Katharine orders fresh pink roses to brighten the council chamber, along with plenty of cool water in silver pitchers. She has the tea cart loaded with berries and meringues and other things she has heard that elementals like to eat, and not a single drop of it is poisoned.
“It is more than we could have expected, had things gone another way,” Pietyr says when he sees her preparations. He kisses her hand, and his teeth graze her knuckles, sending pleasurable tingles all the way up her arm. It will be hard to revert to discretion after Pietyr finds her another husband.
The clock ticks, and the other members of the Black Council begin to arrive. Genevieve comes to curtsy and kiss her cheek, so sweet and gentle to Katharine since the crowning. Cousin Lucian bows grandly, perhaps afraid his seat could be traded back to Cousin Allegra at any time. Renata, the priestess Rho Murtra, and High Priestess Luca enter together and sit without a word, though Luca’s old eyes twinkle like stars.
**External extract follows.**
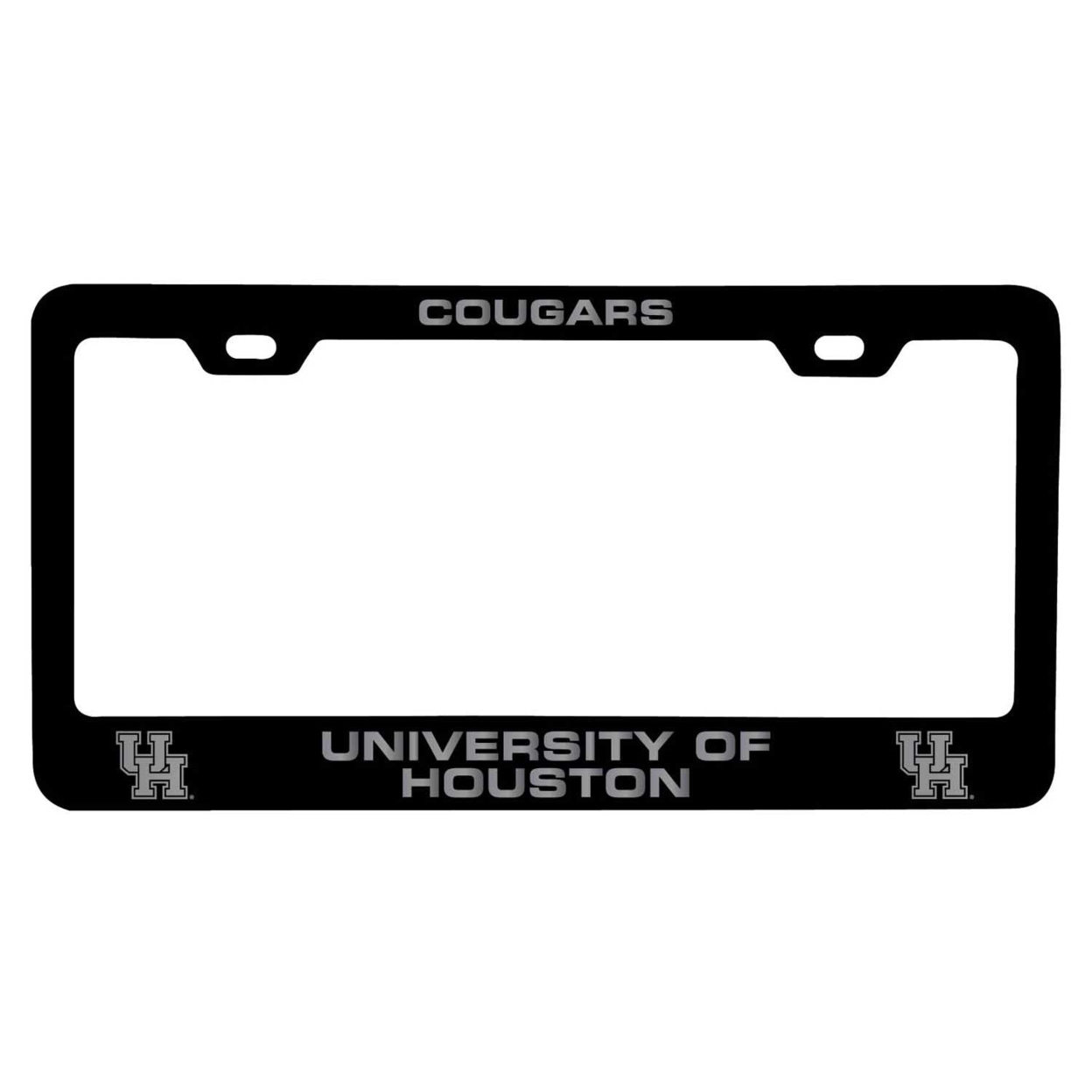 University Of Houston Laser Engraved Metal License Plate Frame - Choose Your Color - Black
Antonin sniffs the dishes on the tea cart.
“Not a drop of poison?” he asks. “If this is how it will be, I will have to start taking a larger breakfast.”
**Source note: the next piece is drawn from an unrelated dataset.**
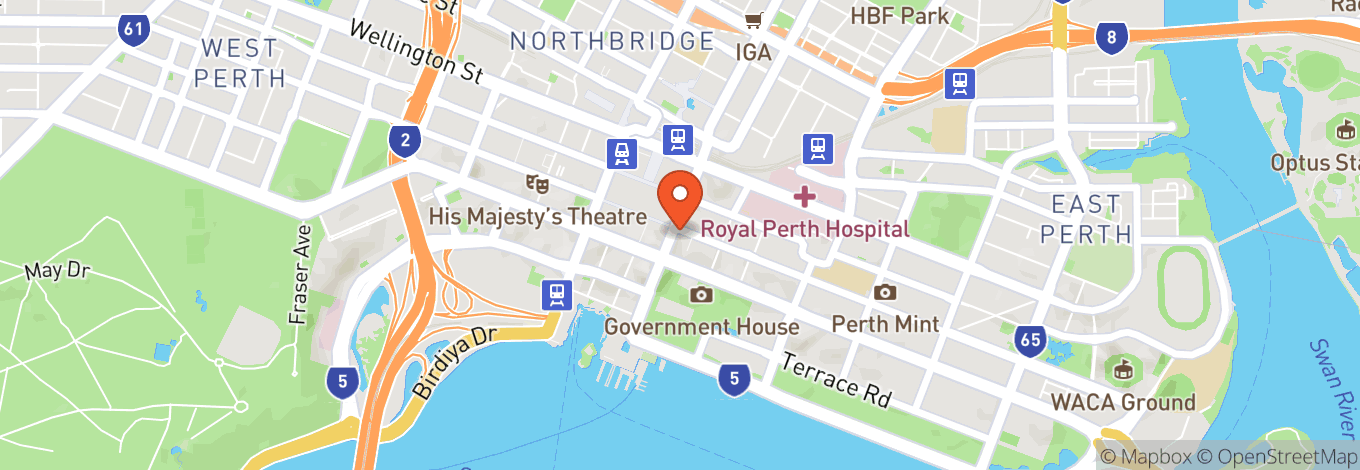 Map of Perth Town Hall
Together they wait, and wait some more, some standing and chatting quietly, others seated and looking bored. Pietyr has his head propped on forefinger and thumb, staring at the untouched empty chair left specifically for Bree.
“Perhaps her carriage was delayed?” Renata suggests, and glances around meekly. “Shall we send someone out after her?”
“She will be here.” Every back in the room straightens when Rho speaks. Her voice is nearly too booming for the chamber to contain. “Her town house is not far. If the carriage failed, she and Elizabeth will walk.”
“Elizabeth?” Genevieve asks. “Who is Elizabeth? Surely the Westwoods know that they are not allowed an entourage. Surely she has the backbone to come alone.”
“Of course I do!” Bree Westwood calls out, her timing so perfect that Katharine wonders whether she was waiting just outside the door. The heels of her boots ring off the stone, and Katharine glimpses someone behind her, lingering in the hall in a white priestess robe. It must be the priestess Elizabeth. Mirabella’s other best friend.
“Perfect,” Katharine whispers, and squeezes her hands tight to quiet the dead queens’ grumbling as Bree Westwood blows into the Black Council like a gust of cold air. She has had weeks to prepare for this, her grand arrival. And there is nothing for Katharine to do but be gracious. Bree drops half a curtsy to Katharine, and a very full bow to High Priestess Luca, and then plops into her seat. Her chin is raised, eyes defiant, and hair cascading in bright brown waves, held back by silver combs.
Katharine nods to her.
“Welcome to my council, Bree Westwood. I hope your journey to the capital was not difficult? And if there is anything I can do to ease the transition of your household, do not hesitate to ask.” Bree does not respond, so she goes on. “I have had a special tea prepared, to welcome you.” She gestures toward the cart.
“No thank you,” Bree says. “And please do not go to any similar trouble. I doubt if I will ever trust this council enough to eat anything that is in this room.”
The chamber falls silent, except for Antonin, who makes a disgusted sound.
“How then are we supposed to govern together?”
“Reconciling a new council with the old is always difficult,” High Priestess Luca says.
“Or so you have heard,” says Rho. “The poisoners have grasped on to it for so long, who can really remember?”
For a moment, Katharine wishes she had not dismissed Margaret Beaulin, so she might see war gift against war gift and Rho’s face smashed into the table.
“It is so dark in here.” Bree flicks her wrist, and the flames on every candelabra flare, so high that Genevieve must move a vase of pink roses so they will not scorch. “And so still, without any windows.”
“There is a window.” Katharine looks upward, into the shadows of the high ceiling, where windows were cut out of the stone to circulate the air in case the doors were to be sealed.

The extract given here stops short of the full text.